Sin embargo, hay otras contundentemente tangibles como el Urbanismo y la Arquitectura, actividades humanas que crean y dan carácter a las ciudades, cuya presencia no pasa desapercibida, aunque muchas veces sea incomprensible, por falta de educación visual.

Por razones culturales tenemos cercanía con períodos de las culturas precolombinas como la olmeca y maya, colonial y republicano, en el que florecieron los estilos Neoclásico, Modernista (Art Noveau y Art Deco), Moderno y Contemporáneo, Posmoderno, Deconstructivo, hasta nuestros días, en que prevalece el regreso a los “neos”, unos más pobres que otros.

Las ciudades son para sus habitantes lo que la casa para la familia; es decir, el espacio físico en el que desarrollan sus actividades.

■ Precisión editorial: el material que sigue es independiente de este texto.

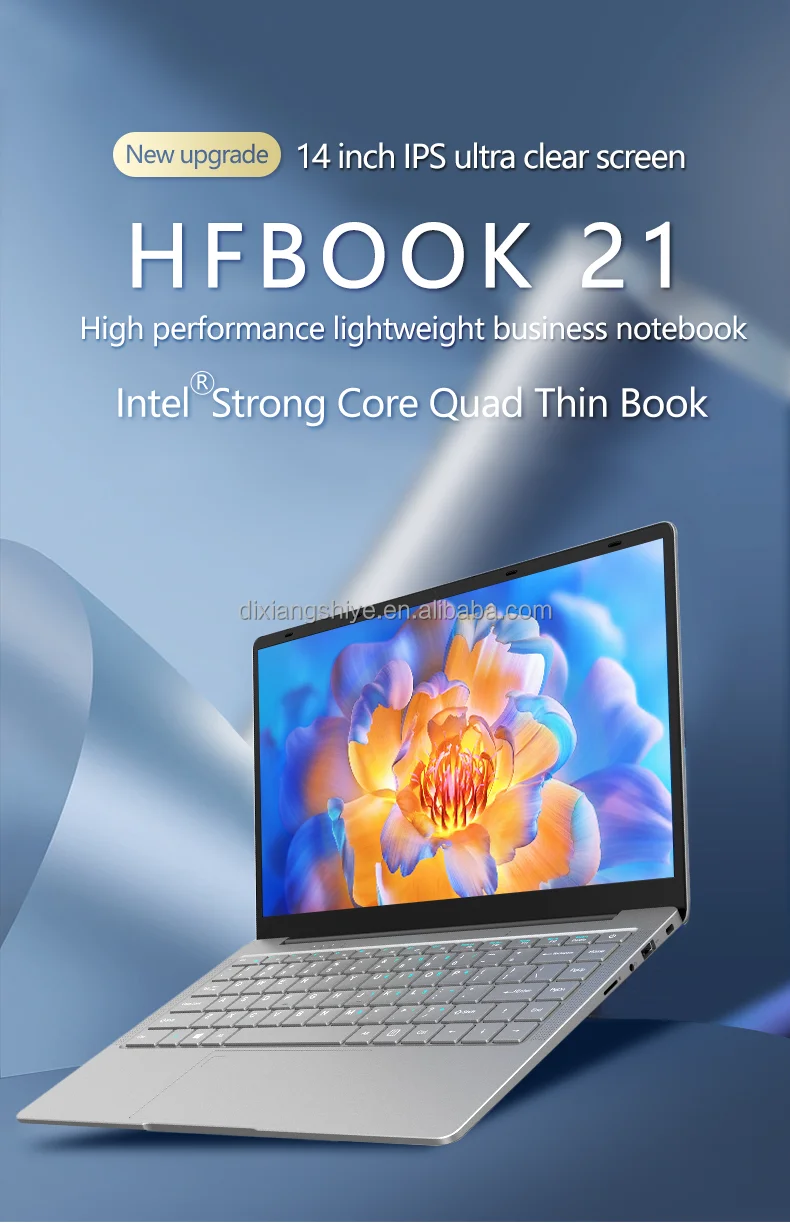 High Quality Cheap Laptops Price Free Shipping 14 Inches J4105 Brand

Estas pueden ser de trabajo, comercio, administración, salud, entretenimiento y deporte, por mencionar algunas públicas, así como de alimentación, descanso, procreación, socialización, entre otras, para la vida familiar.

La configuración de los espacios públicos es del ámbito del Urbanismo y la de los edificios, de la Arquitectura. En ambos casos hay condiciones ajenas al uso para el cual son diseñados que determinan su solución, tal el caso de su ubicación física y geográfica (frente al mar, en las montañas o planicies), así como el clima y su altura respecto del nivel del mar. De esas condiciones se derivan respuestas que a la postre dan a cada ciudad el carácter particular con el que se identifica al pueblo que la construyó.

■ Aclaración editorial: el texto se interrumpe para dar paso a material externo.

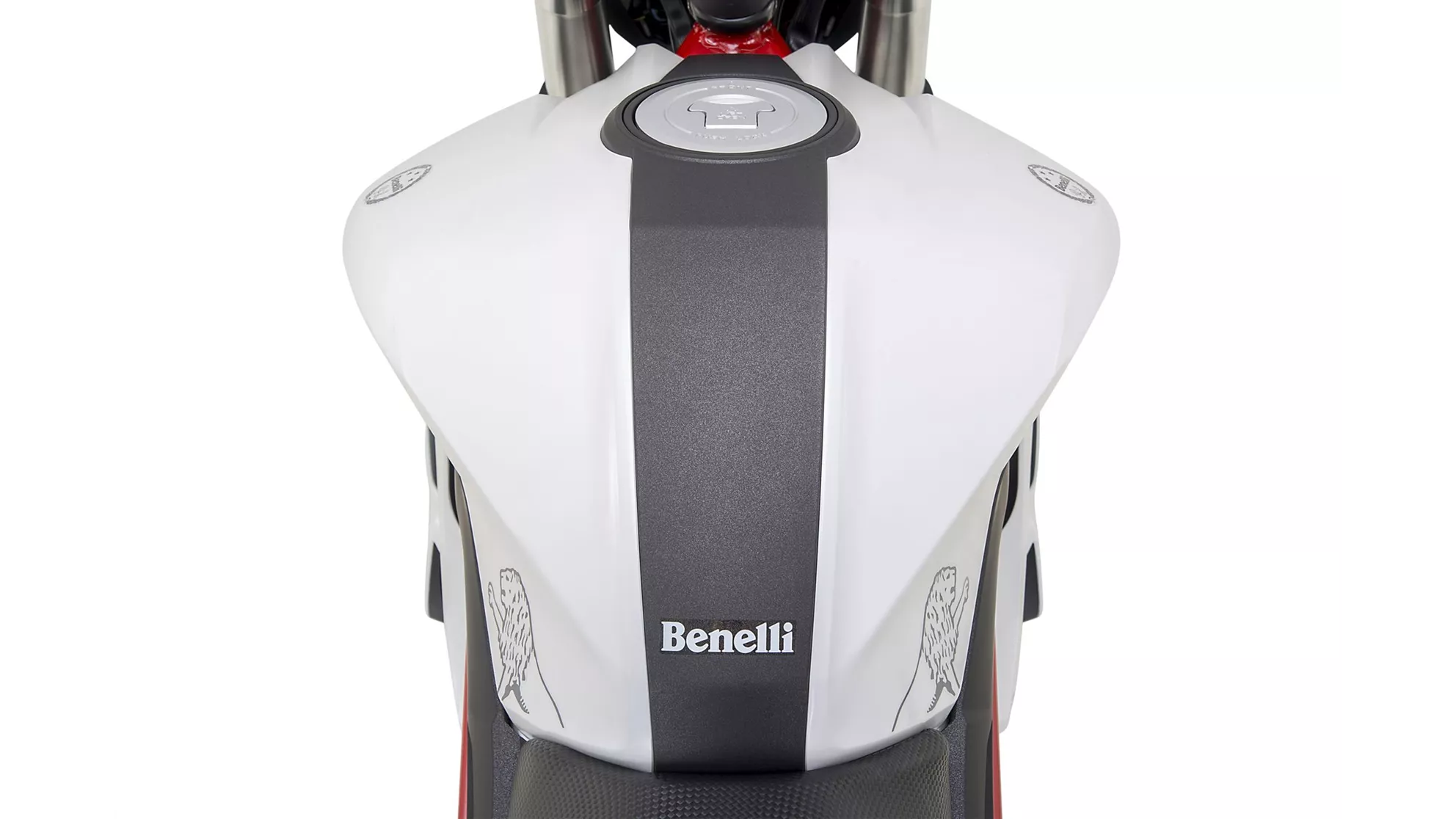 Benelli BN 125 - Image 6 Benelli BN 125 - Image 6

Caso contrario sucede con el reconocimiento, uso y apreciación de los espacios públicos, sean calles, plazas o parques, y la Arquitectura, sea esa pública o privada; se trate de un edificio o de una casa. Pese a que la Arquitectura está ahí, dándole forma al espacio urbano y creando el paisaje construido, a pocos parece importar. A nadie interesa alzar la vista para apreciar sus valores volumétricos, plásticos o estructurales, colores y detalles, y, menos aún, saber quiénes son sus autores. La Arquitectura está ahí, buena, regular o mala; nos identifica como nación y sin embargo nos pasa inadvertida.

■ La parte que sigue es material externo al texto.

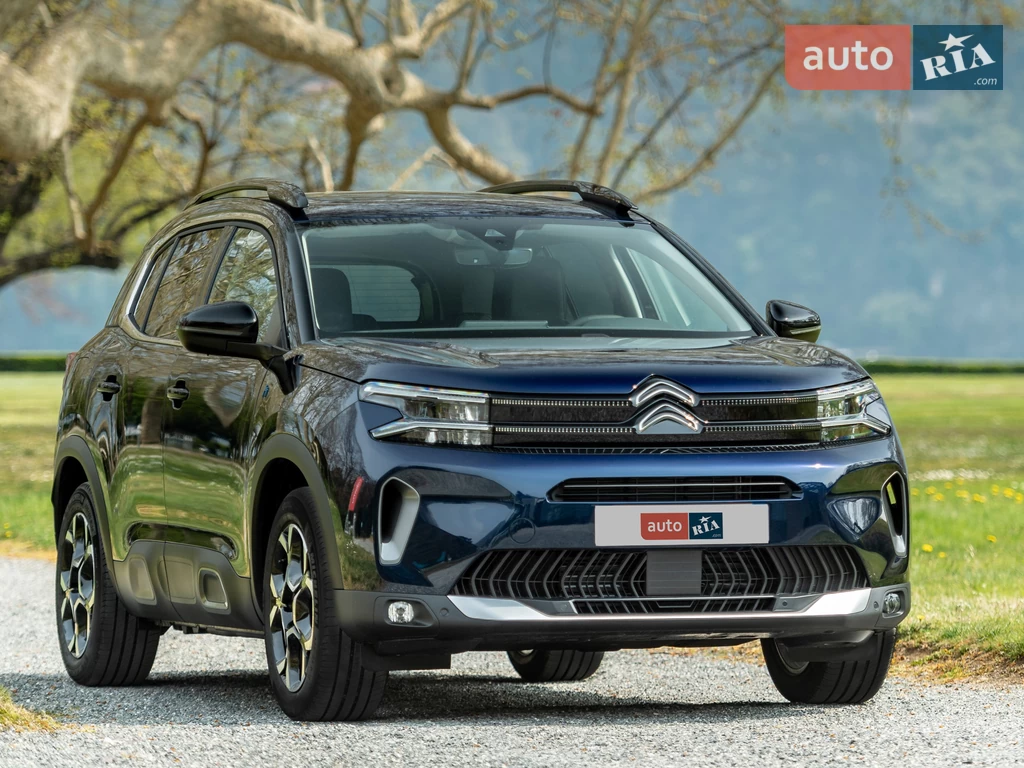 Citroen C5 Aircross Shine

El terremoto del 4 de febrero de 1976, 45 años atrás, hizo notoria la Arquitectura, exponiendo la fragilidad de sus estructuras, provocando una tragedia. En términos sísmicos, el riesgo se manifestó en el colapso de casas unifamiliares y taludes de carreteras, daños a edificios y desalineación de líneas férreas, causando la muerte de miles de conciudadanos, heridos y la incontable pérdida de viviendas. La experiencia, dicho sea de paso, dejó grandes lecciones sobre el comportamiento de los materiales y sistemas constructivos. La Arquitectura no volvió a ser la misma después de aquella fatídica fecha.

Hoy las especificaciones estructurales son de aplicación universal, aunque no siempre atendidas y observadas con rigor, poniendo en evidencia la irresponsabilidad individual y la complicidad administrativa.